$\newcommand{\log}{\operatorname{Log}}\newcommand{\res}{\operatorname{Res}}\newcommand{\d}{\mathrm{d}}$Let $\Lambda(z)=\log\Gamma(z)$, $a\gt0$, let $\psi$ denote digamma.

It is written here, Page 49, equation 47:

$$\pi\cdot\Im\left[\res_{z=\pi i}\frac{\Lambda\left(\frac{z+ai}{2\pi i}\right)}{\cosh(z)+1}\right]=\psi\left(\frac{1}{2}+\frac{a}{2\pi}\right)$$

To motivate the calculation of this hard residue, it is shown in that paper that knowledge of this residue indirectly solves the integral:

$$\int_1^\infty\frac{\ln\ln x}{(x+1)^2}\,\d x=\frac{1}{2}\int_0^\infty\frac{\ln x}{\cosh x +1}\,\d x$$

And finds it to be equal to:

$$\frac{1}{2}\left\{\ln2\pi+\lim_{a\to0+}\pi\cdot\Im\left[\res_{z=\pi i}\frac{\Lambda\left(\frac{z+ai}{2\pi i}\right)}{\cosh(z)+1}\right]\right\}=\frac{1}{2}\left(-\gamma+\ln\frac{\pi}{2}\right)$$

Which is equivalently the limit of Malmsten’s integral as $\varphi\to0$.

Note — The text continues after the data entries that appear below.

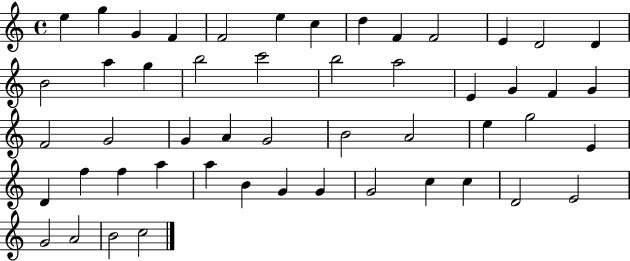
X:1
T:Untitled
M:4/4
L:1/4
K:C
e g G F F2 e c d F F2 E D2 D B2 a g b2 c'2 b2 a2 E G F G F2 G2 G A G2 B2 A2 e g2 E D f f a a B G G G2 c c D2 E2 G2 A2 B2 c2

Formally, I can attempt to find, as the singularity is an order two pole (the reader should note that the following working is mistaken):

$$\begin{align}\lim_{z\to\pi i}\frac{\d}{\d z}(z-\pi i)^2\frac{\Lambda\left(\frac{z+ai}{2\pi i}\right)}{\cosh(z)+1}&=\lim_{z\to\pi i}\frac{2(z-\pi i)\Lambda\left(\frac{z+ai}{2\pi i}\right)+\frac{1}{2\pi i}(z-\pi i)^2\psi\left(\frac{z+ai}{2\pi i}\right)}{\cosh(z)+1}-\frac{\sinh(z)(z-\pi i)^2\Lambda\left(\frac{z+ai}{2\pi i}\right)}{(\cosh(z)+1)^2}\\&=\lim_{z\to\pi i}\frac{2\Lambda\left(\frac{z+ai}{2\pi i}\right)+\frac{2}{\pi i}(z-\pi i)\psi\left(\frac{z+ai}{2\pi i}\right)-\frac{1}{4\pi^2}(z-\pi i)^2\psi'\left(\frac{z+ai}{2\pi i}\right)}{\sinh(z)}\\&-\frac{\cosh(z)(z-\pi i)^2\Lambda\left(\frac{z+ai}{2\pi i}\right)+2\sinh(z)(z-\pi i)\Lambda\left(\frac{z+ai}{2\pi i}\right)+\frac{1}{2\pi i}\sinh(z)(z-\pi i)^2\psi\left(\frac{z+ai}{2\pi i}\right)}{2\sinh(z)(\cosh(z)+1)}\\&=\lim_{z\to\pi i}\frac{\frac{2}{\pi i}\psi\left(\frac{z+ai}{2\pi i}\right)-\frac{1}{\pi^2}(z-\pi i)\psi'\left(\frac{z+ai}{2\pi i}\right)-\frac{1}{4\pi^2}(z-\pi i)^2\psi''\left(\frac{z+ai}{2\pi i}\right)}{\cosh(z)}\\&-\frac{\sinh(z)(z-\pi i)^2\Lambda\left(\frac{z+ai}{2\pi i}\right)+2\cosh(z)(z-\pi i)\Lambda\left(\frac{z+ai}{2\pi i}\right)+\frac{1}{2\pi i}\cosh(z)(z-\pi i)^2\psi\left(\frac{z+ai}{2\pi i}\right)}{2\cosh(z)(\cosh(z)+1)+2\sinh^2(z)}\\&-\frac{\Lambda\left(\frac{z+ai}{2\pi i}\right)+\frac{1}{\pi i}(z-\pi i)\psi\left(\frac{z+ai}{2\pi i}\right)-\frac{1}{8\pi^2}(z-\pi i)^2\psi'\left(\frac{z+ai}{2\pi i}\right)}{\sinh(z)}\\&=-\frac{2}{\pi i}\psi\left(\frac{1}{2}+\frac{a}{2\pi}\right)-\lim_{z\to\pi i}[\cdots]\end{align}$$

But now there is a problem. The latter "$\cdots$" contains a ratio which cannot be resolved by L'Hopital (dominator $\sinh$, numerator non-zero). This is also a horribly complicated expression, and I am assuming that the author would have mentioned it if it is was this difficult. There must surely be some more straightforward way...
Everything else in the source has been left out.